Indeed, as they went up the hill, the old cracked pot took notice of the sun warming the beautiful wild flowers on the side of the path, and this cheered it some.

But at the end of the trail, it still felt bad because it had leaked out half its load, and so again it apologized to the bearer for its failure.

The bearer said to the pot, “Did you notice that there were flowers only on your side of the path, but not on the other pot’s side?

“That’s because I have always known about your flaw, and I took advantage of it. I planted flower seeds on your side of the path, and every day while we walk back from the stream, you’ve watered them.

“For two years I have been able to pick these beautiful flowers to decorate my mistress’s table. Without you being just the way you are, she would not have this beauty to grace her house.”

Moral:

Many people feel that God can’t use them because they’re not perfect—this is a lie. God (the Potter) uses cracked pots (that’s us) to do His work. As Christians, we are containers that God wants to fill with His goodness and light. Then we’re to carry that goodness and light to a dark world, sharing it with people everywhere we go. Don’t be afraid of your flaws; acknowledge them and allow God to use you anyway. Quit worrying about what you’re not and give God what you are. (Meyers)

Each of us has our own unique flaws. We’re all cracked pots.
But it’s the cracks and flaws we each have that make our lives together so very interesting and rewarding. We’ve just got to take each person for what they are, and look for the good in them.

Each of us has our own unique flaws. We’re all cracked pots. But if we will allow it, the Lord will use our flaws to grace His Father’s table. In Gods great plan, nothing goes to waste or is a mistake. Don’t be afraid of your flaws, embrace them, because flaws are beautiful and can make beautiful things.

 

Acknowledge them, and you too can be the cause of beauty. Know that in our weakness your strength is made perfect.

–2 Corinthians 12:9

 

The Encouragement Game

This game is a potential life changing game.   It works best for groups that know each other reasonably well.

Sit in a circle and give everyone a piece of paper and pen.  Each person should write their name at the top of the piece of paper, then pass it to the person on their left.  Each person then writes one or two (or more) positive characteristics about the person whose name is at the top of the paper.

After 30-60 seconds, everyone passes the pieces of paper around to their left again.  This continues until everyone has written on everyone else’s paper.

The final step is that everyone receives their piece of paper back again.

It works best if you collect them and hand them out one at a time, so everyone can see people’s reaction seeing the positive comments about themselves.  Depending on the makeup of the group, one option is to have people read out their own list.

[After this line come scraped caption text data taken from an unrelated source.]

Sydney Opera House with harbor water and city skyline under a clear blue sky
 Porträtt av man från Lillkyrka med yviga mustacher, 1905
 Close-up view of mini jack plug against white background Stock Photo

As some commenters have pointed out below, it may be worth doing a quick check to ensure the comments are appropriate and positive.

Done well, this is an incredibly affirming game and can be a night that people literally remember for years to come.

 

This lesson was perceived well, although I did have some squabbles towards the end. But I now have designed a “follow-up” to this lesson that I will be doing this Wednesday. It involves Pessimists and Optimists.